Jeanne Ellermeier's opinion on roundabouts is kind of like the traffic-calming devices -- flowing several different directions at once.
"I think they are a pain in the neck," Ellermeier said Monday, "but I also think they work."
Ellermeier lives in the Indian Hills neighborhood and supports city efforts to slow traffic on Louisiana Street. She thinks roundabouts have been effective in slowing traffic in other parts of town and are no more dangerous than a typical four-way stop sign.
"People don't like them, but that is because people don't like to slow down," she said.
Debate about the traffic-calming devices has been unceasing for several years now, leaving some motorists dizzy with dissatisfaction. So when the Lawrence City Commission meets tonight to discuss a proposed roundabout at 19th and Louisiana streets, a wider discussion could begin.
"There is certainly a lot of division in the community about roundabouts, and we need to talk about that," City Commissioner Sue Hack said. "Some people love them, but for some other people 'hate' isn't a strong enough word to describe their feelings."
Several city commissioners have said they want to explore the idea of creating a marketing campaign -- maybe a city-produced TV commercial, billboard or new pamphlet -- to educate drivers on the best way to navigate roundabouts.
"We have to do our citizens a favor by reteaching people on roundabouts," Hack said. "We have to show them how to use them the right way."

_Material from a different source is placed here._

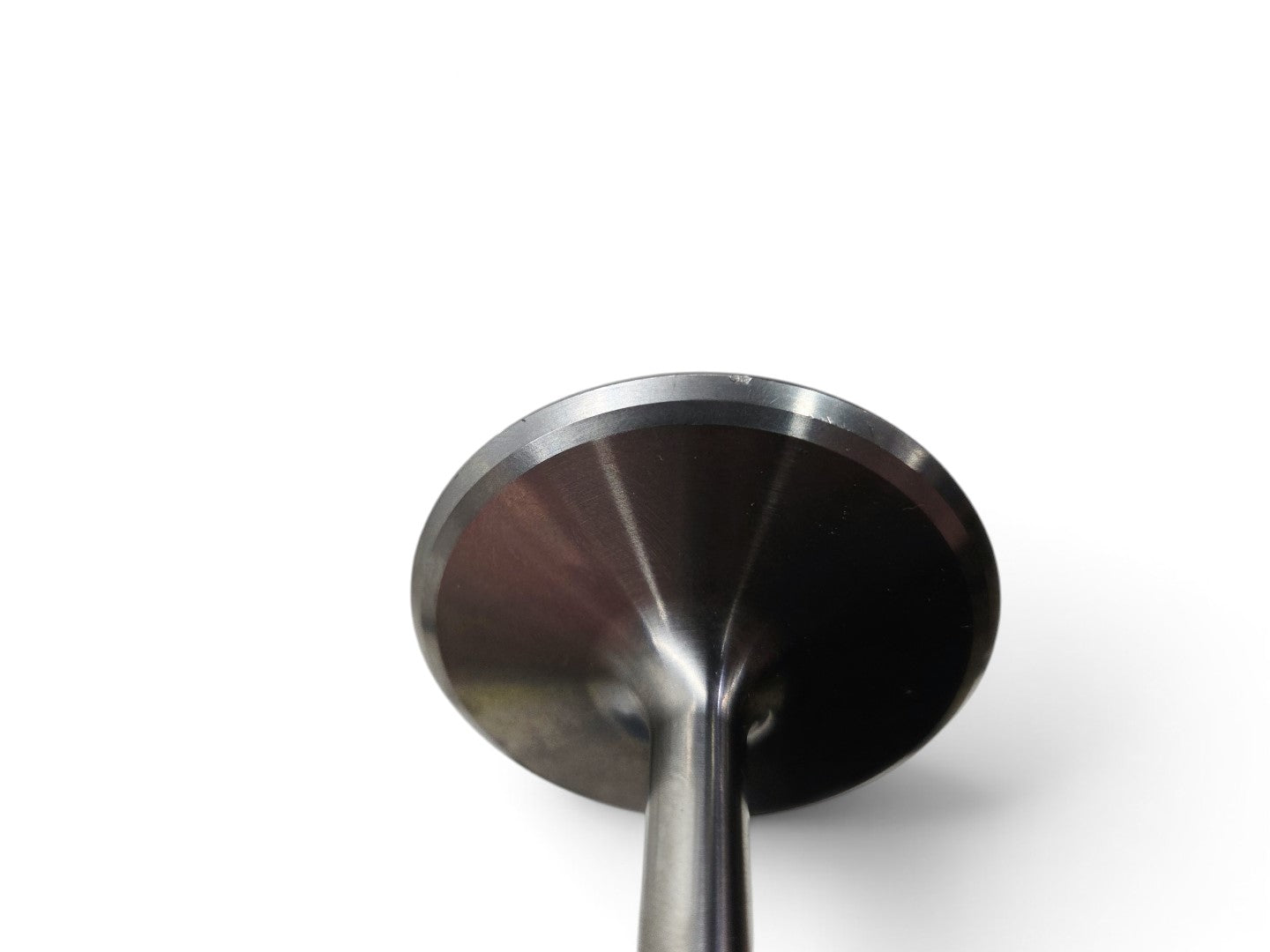Send it Auto Parts OEM titanium intake valve for Gen V LT4 engines showing minor surface marks from storage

First, city commissioners must ensure they're reading from the same lesson plan. In the last month, new questions have arisen inside City Hall regarding when roundabout construction is prudent.
In November, commissioners unanimously approved $250,000 for a roundabout project at 19th and Louisiana streets. But earlier this month, Mayor Mike Rundle said after doing more research on the subject he was unsure about the project.
On Monday, Rundle said he was confident city officials needed to look at alternatives for the intersection. Rundle said he would urge fellow commissioners to reject a $37,000 contract with BG Consultants to create four roundabout designs for the intersection.
"I don't think there is much community support for a roundabout there," Rundle said. "I have had a lot of people thanking me for backing off on the project."
Rundle said he wanted a clearer understanding of the traffic issues the city was trying to solve at the intersection, and a detailed study of alternatives such as turn lanes or traffic signal improvements.
Plus, Rundle said, the intersection needs to be ranked against other potential traffic improvements that could be made in the city. The proposed roundabout has an estimated cost of $545,000.
"I'm sure there are a lot of people who would like to see that money spent elsewhere, even if it is spread throughout town fixing potholes and that sort of thing," Rundle said.
City Commissioner David Dunfield, who has been a supporter of roundabouts, said he would be willing to "step back" on the project as well. But he, like Hack, wants to engage the community in a discussion.
"We need to have a discussion about what we're trying to do with roundabouts, and why they're superior in a lot of cases to traffic signals," Dunfield said. "The most frequent complaint I hear is that people don't know how to use them. We need to address that."
It won't be an easy task, said Patricia Sinclair, a Barker neighborhood resident who has been an opponent of the traffic devices. She said a marketing campaign to teach people the finer points of roundabouts was unlikely to work.
"The ones who are going to be the most receptive about that type of message are probably good, attentive drivers anyway," Sinclair said. "The ones who need it won't pay attention."
The City Commission meets at 6:35 tonight at City Hall, Sixth and Massachusetts streets.